Crawled caption data:
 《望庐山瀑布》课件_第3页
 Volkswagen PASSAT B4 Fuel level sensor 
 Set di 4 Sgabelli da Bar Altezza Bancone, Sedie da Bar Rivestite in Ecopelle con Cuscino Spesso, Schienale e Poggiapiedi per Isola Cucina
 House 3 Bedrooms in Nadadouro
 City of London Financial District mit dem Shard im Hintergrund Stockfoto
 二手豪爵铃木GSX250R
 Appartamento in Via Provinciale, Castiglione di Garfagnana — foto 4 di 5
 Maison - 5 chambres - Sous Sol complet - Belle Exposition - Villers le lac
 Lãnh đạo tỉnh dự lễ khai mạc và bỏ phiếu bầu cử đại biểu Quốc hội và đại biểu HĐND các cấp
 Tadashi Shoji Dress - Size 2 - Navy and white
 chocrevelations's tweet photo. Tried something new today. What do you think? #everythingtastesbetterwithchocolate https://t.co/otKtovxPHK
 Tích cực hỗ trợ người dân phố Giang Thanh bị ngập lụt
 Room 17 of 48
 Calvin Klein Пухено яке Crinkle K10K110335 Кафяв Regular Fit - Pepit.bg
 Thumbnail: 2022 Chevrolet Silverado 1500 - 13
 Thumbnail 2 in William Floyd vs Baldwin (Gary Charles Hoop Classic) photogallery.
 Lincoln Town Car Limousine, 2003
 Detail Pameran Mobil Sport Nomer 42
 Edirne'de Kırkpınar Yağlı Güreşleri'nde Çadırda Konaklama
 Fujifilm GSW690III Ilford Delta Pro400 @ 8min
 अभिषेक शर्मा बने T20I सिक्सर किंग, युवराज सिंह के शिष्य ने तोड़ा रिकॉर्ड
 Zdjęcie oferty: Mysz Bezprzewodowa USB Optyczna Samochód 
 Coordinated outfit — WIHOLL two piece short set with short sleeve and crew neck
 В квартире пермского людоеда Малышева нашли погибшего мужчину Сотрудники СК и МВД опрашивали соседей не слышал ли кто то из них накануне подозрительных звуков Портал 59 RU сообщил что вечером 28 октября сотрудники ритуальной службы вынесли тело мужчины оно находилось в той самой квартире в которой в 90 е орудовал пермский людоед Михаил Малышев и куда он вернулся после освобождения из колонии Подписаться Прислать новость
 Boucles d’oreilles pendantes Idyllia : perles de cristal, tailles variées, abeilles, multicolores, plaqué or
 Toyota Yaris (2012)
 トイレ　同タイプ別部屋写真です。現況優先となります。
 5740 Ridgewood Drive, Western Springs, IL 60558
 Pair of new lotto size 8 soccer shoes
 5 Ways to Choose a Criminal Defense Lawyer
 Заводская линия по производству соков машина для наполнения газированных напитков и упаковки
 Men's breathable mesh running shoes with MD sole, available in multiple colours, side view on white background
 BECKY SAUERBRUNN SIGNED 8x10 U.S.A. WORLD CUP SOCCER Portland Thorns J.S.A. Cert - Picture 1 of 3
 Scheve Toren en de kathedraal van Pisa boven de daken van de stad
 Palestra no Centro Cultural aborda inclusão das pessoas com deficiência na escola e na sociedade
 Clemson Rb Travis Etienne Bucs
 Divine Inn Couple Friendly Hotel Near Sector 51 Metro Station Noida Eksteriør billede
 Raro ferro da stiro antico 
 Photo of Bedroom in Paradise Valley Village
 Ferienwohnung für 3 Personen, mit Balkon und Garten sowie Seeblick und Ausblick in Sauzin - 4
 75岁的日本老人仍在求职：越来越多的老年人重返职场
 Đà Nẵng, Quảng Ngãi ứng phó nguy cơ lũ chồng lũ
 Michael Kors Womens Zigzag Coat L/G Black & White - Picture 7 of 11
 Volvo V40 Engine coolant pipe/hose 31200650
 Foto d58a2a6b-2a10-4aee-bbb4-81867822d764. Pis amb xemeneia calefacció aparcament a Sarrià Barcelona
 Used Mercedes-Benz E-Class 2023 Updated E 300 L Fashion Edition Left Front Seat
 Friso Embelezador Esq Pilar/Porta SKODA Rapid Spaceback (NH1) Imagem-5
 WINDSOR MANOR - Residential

Exercise objective: Retype only the stretch of lines above starting at the one with "City of London" and stopping at the one with "Boucles d’oreilles pendantes", exactly as written, with both kept.

Response:
 City of London Financial District mit dem Shard im Hintergrund Stockfoto
 二手豪爵铃木GSX250R
 Appartamento in Via Provinciale, Castiglione di Garfagnana — foto 4 di 5
 Maison - 5 chambres - Sous Sol complet - Belle Exposition - Villers le lac
 Lãnh đạo tỉnh dự lễ khai mạc và bỏ phiếu bầu cử đại biểu Quốc hội và đại biểu HĐND các cấp
 Tadashi Shoji Dress - Size 2 - Navy and white
 chocrevelations's tweet photo. Tried something new today. What do you think? #everythingtastesbetterwithchocolate https://t.co/otKtovxPHK
 Tích cực hỗ trợ người dân phố Giang Thanh bị ngập lụt
 Room 17 of 48
 Calvin Klein Пухено яке Crinkle K10K110335 Кафяв Regular Fit - Pepit.bg
 Thumbnail: 2022 Chevrolet Silverado 1500 - 13
 Thumbnail 2 in William Floyd vs Baldwin (Gary Charles Hoop Classic) photogallery.
 Lincoln Town Car Limousine, 2003
 Detail Pameran Mobil Sport Nomer 42
 Edirne'de Kırkpınar Yağlı Güreşleri'nde Çadırda Konaklama
 Fujifilm GSW690III Ilford Delta Pro400 @ 8min
 अभिषेक शर्मा बने T20I सिक्सर किंग, युवराज सिंह के शिष्य ने तोड़ा रिकॉर्ड
 Zdjęcie oferty: Mysz Bezprzewodowa USB Optyczna Samochód 
 Coordinated outfit — WIHOLL two piece short set with short sleeve and crew neck
 В квартире пермского людоеда Малышева нашли погибшего мужчину Сотрудники СК и МВД опрашивали соседей не слышал ли кто то из них накануне подозрительных звуков Портал 59 RU сообщил что вечером 28 октября сотрудники ритуальной службы вынесли тело мужчины оно находилось в той самой квартире в которой в 90 е орудовал пермский людоед Михаил Малышев и куда он вернулся после освобождения из колонии Подписаться Прислать новость
 Boucles d’oreilles pendantes Idyllia : perles de cristal, tailles variées, abeilles, multicolores, plaqué or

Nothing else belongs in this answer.